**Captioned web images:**
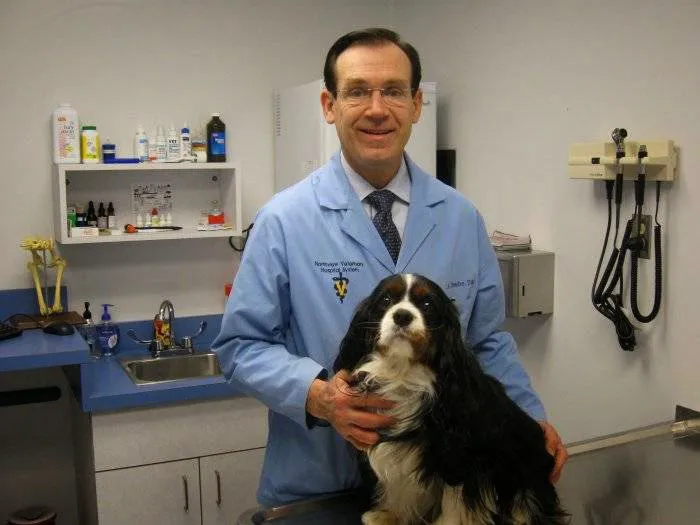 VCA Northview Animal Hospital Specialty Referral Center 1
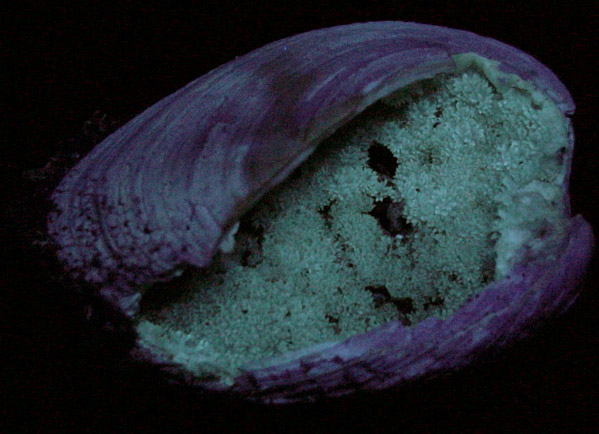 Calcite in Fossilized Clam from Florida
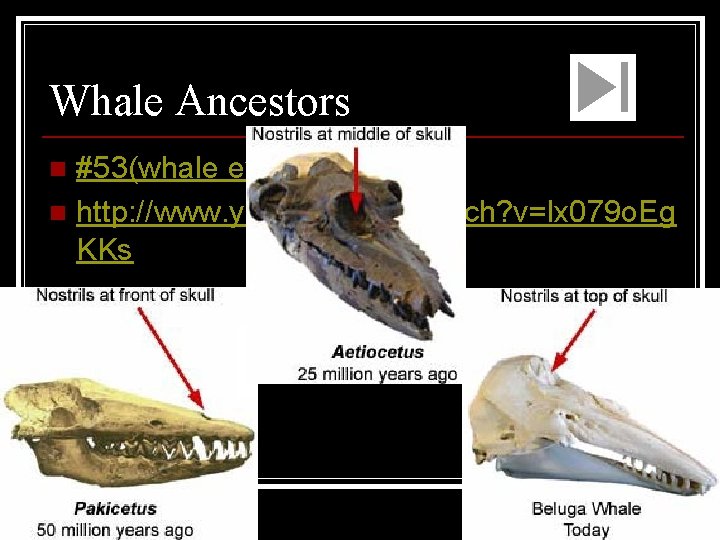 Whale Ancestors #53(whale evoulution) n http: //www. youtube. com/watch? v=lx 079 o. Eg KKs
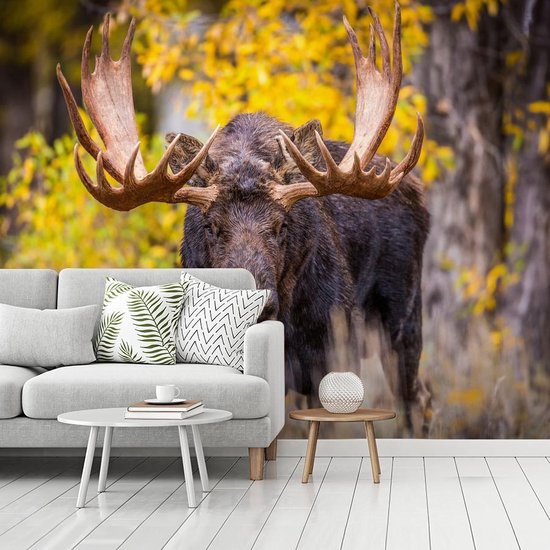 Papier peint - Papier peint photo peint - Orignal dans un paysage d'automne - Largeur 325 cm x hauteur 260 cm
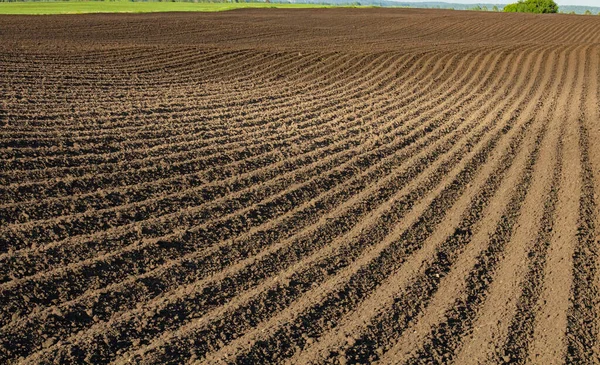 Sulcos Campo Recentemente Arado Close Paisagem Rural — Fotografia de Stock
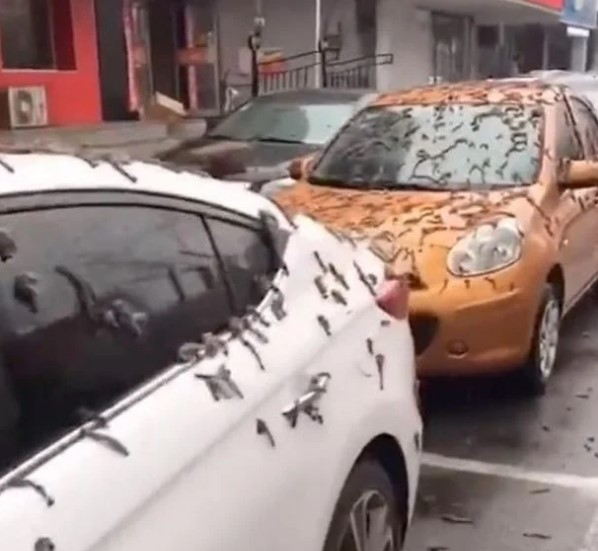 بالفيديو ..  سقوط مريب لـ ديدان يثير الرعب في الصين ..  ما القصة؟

==

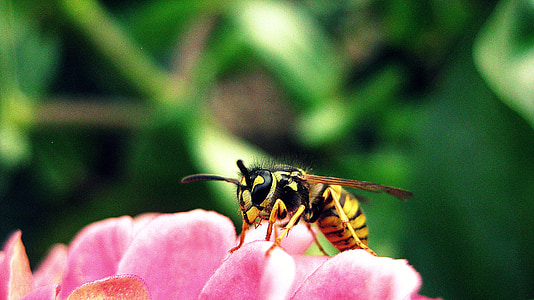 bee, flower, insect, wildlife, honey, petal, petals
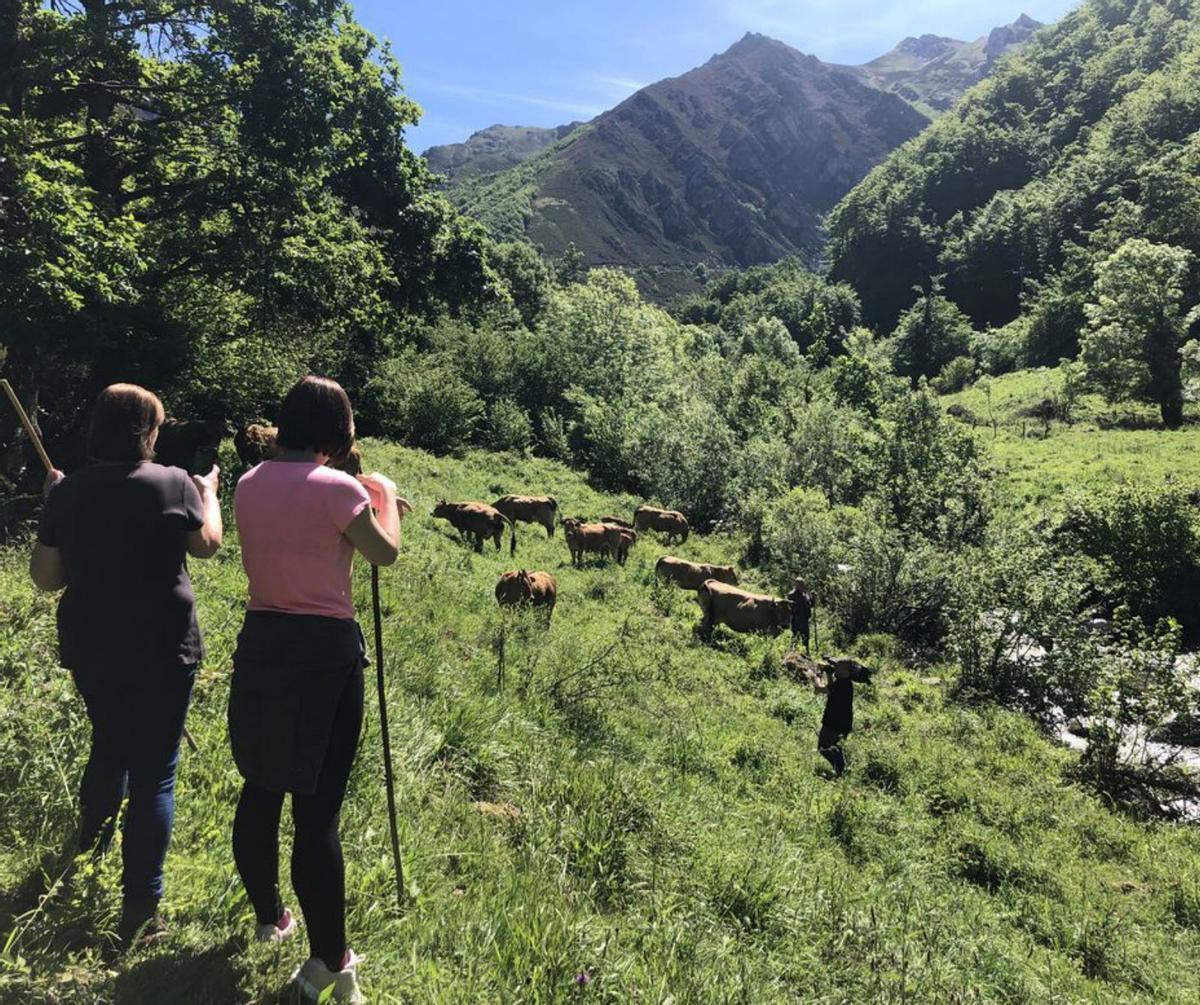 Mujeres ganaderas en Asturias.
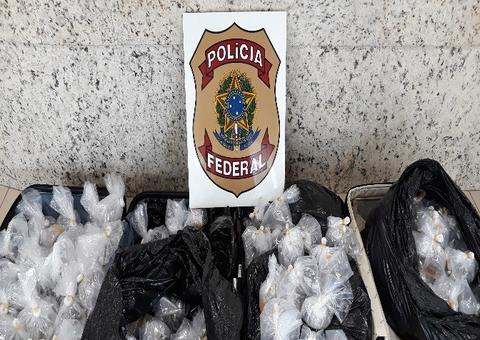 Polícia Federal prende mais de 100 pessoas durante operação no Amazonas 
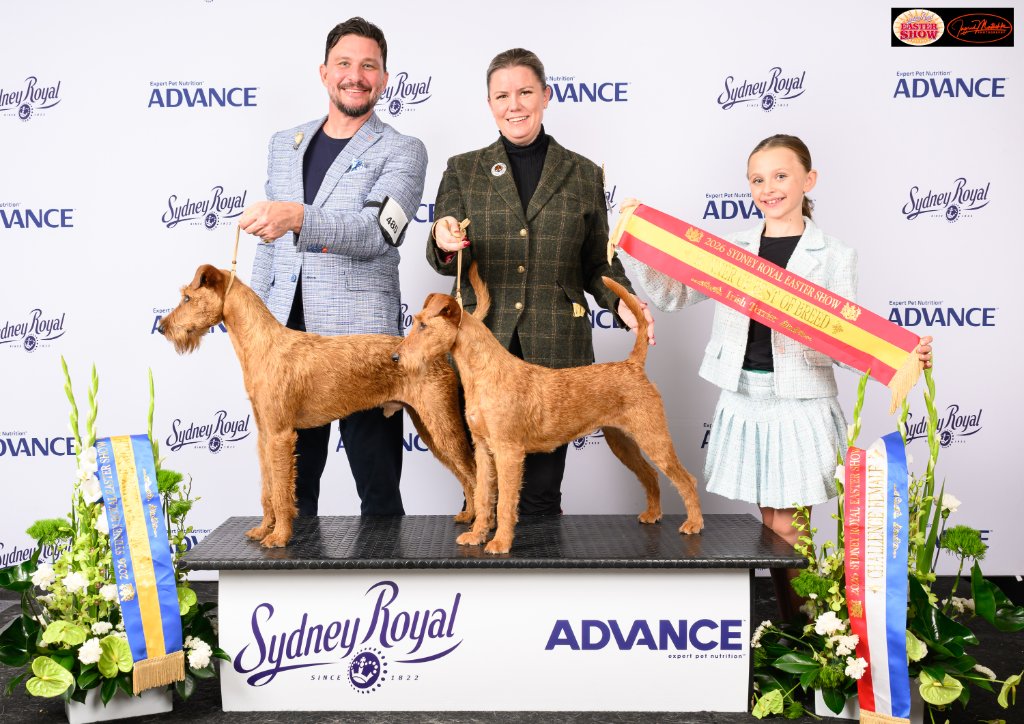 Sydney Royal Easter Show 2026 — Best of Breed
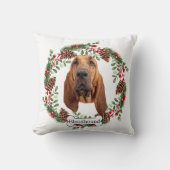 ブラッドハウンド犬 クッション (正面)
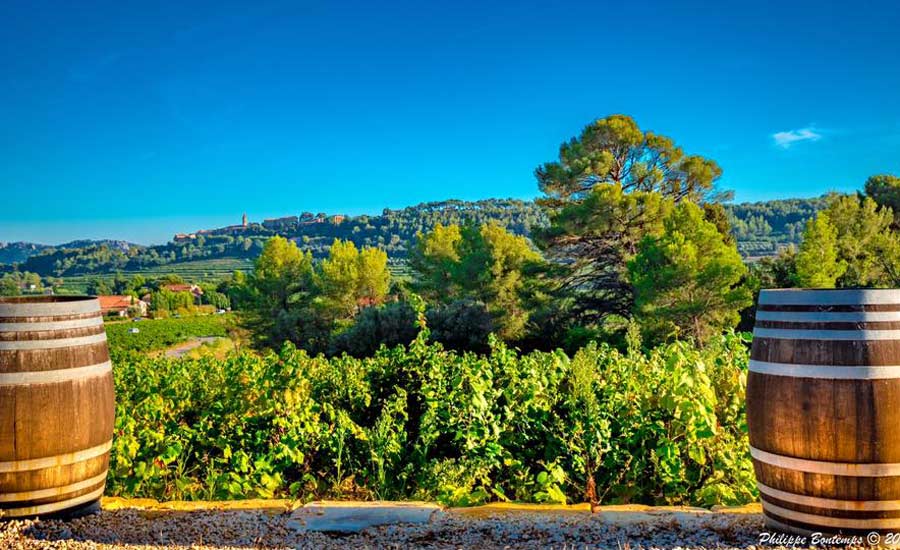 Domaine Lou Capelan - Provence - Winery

**Exercise brief:** Your reply should consist solely of the lines above from the line containing "Papier peint - Papier" up to and including the line containing "سقوط مريب لـ", reproduced exactly, minus the pictures.

**Exercise result:**
 Papier peint - Papier peint photo peint - Orignal dans un paysage d'automne - Largeur 325 cm x hauteur 260 cm
 Sulcos Campo Recentemente Arado Close Paisagem Rural — Fotografia de Stock
 بالفيديو ..  سقوط مريب لـ ديدان يثير الرعب في الصين ..  ما القصة؟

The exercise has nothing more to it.